The problem:
All records below are to be repeated exactly, with the pictures left out.

Data records:
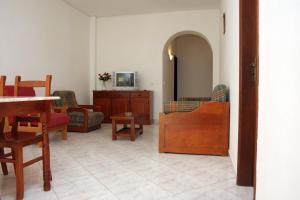 Una sala de estar llena de muebles y un televisor. en Apartamentos King's, en Quarteira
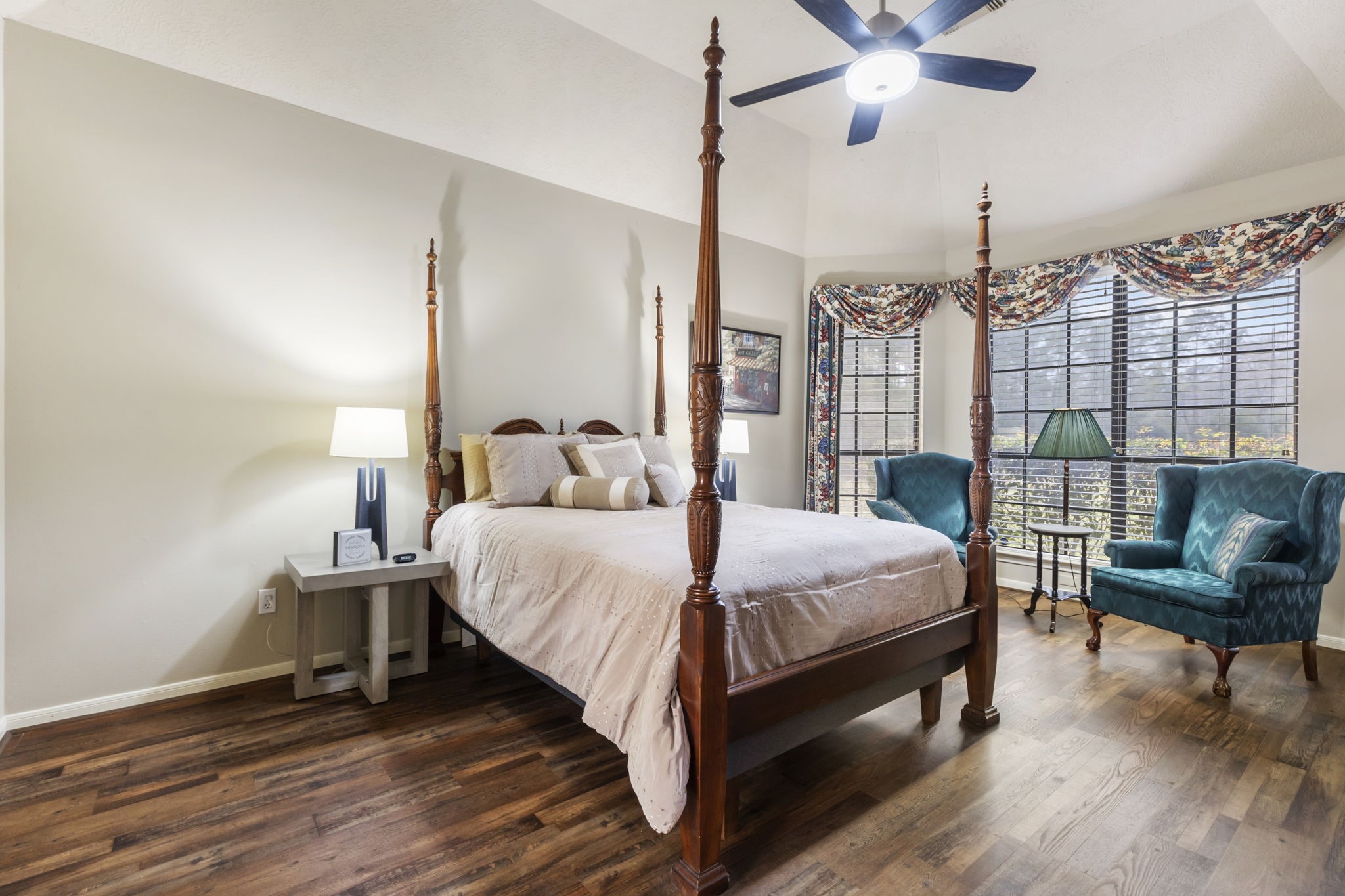 39327 Lago Drive Magnolia, TX 77354 - Photo 18 of 39 The first-floor primary suite is a true retreat, designed with comfort and relaxation in mind. Step into your private haven, where a cozy sitting area invites you to unwind with a good book or steaming coffee. Large windows frame tranquil views of the lush backyard, blending indoor and outdoor living. Whether it's the golden glow of sunrise or the stillness of twilight, this space offers the perfect backdrop to begin or end your day in tranquility.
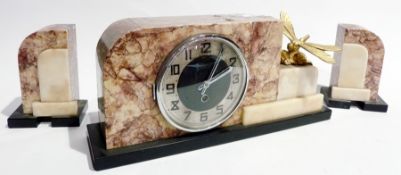 An Art Deco marble mantel clock with matching garniture set, with gilt model dragonfly attached (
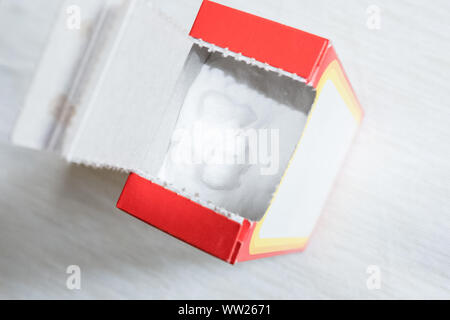 Baking soda in a paper box. Branded packaging of soda in the kitchen Stock Photo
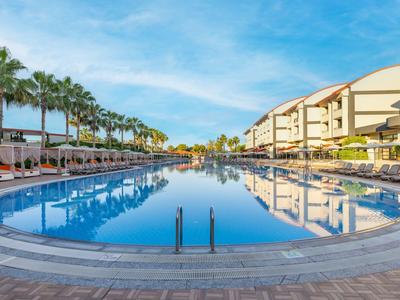 Gran piscina redonda con agua azul clara, rodeada de palmeras y edificios de hotel bajo cielo azul.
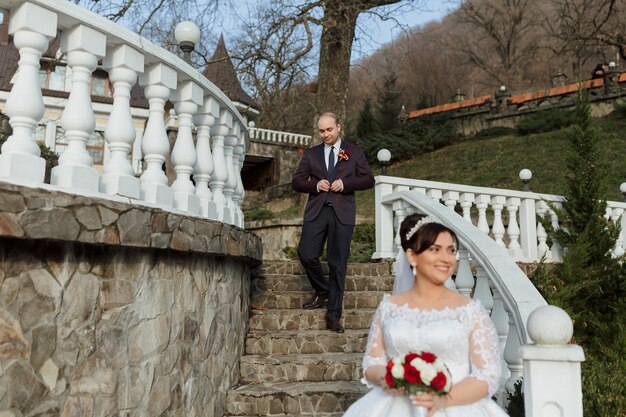 Photo a bride and groom are standing on a stone staircase in front of a white building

Solution for this problem:
 Una sala de estar llena de muebles y un televisor. en Apartamentos King's, en Quarteira
 39327 Lago Drive Magnolia, TX 77354 - Photo 18 of 39 The first-floor primary suite is a true retreat, designed with comfort and relaxation in mind. Step into your private haven, where a cozy sitting area invites you to unwind with a good book or steaming coffee. Large windows frame tranquil views of the lush backyard, blending indoor and outdoor living. Whether it's the golden glow of sunrise or the stillness of twilight, this space offers the perfect backdrop to begin or end your day in tranquility.
 An Art Deco marble mantel clock with matching garniture set, with gilt model dragonfly attached (
 Baking soda in a paper box. Branded packaging of soda in the kitchen Stock Photo
 Gran piscina redonda con agua azul clara, rodeada de palmeras y edificios de hotel bajo cielo azul.
 Photo a bride and groom are standing on a stone staircase in front of a white building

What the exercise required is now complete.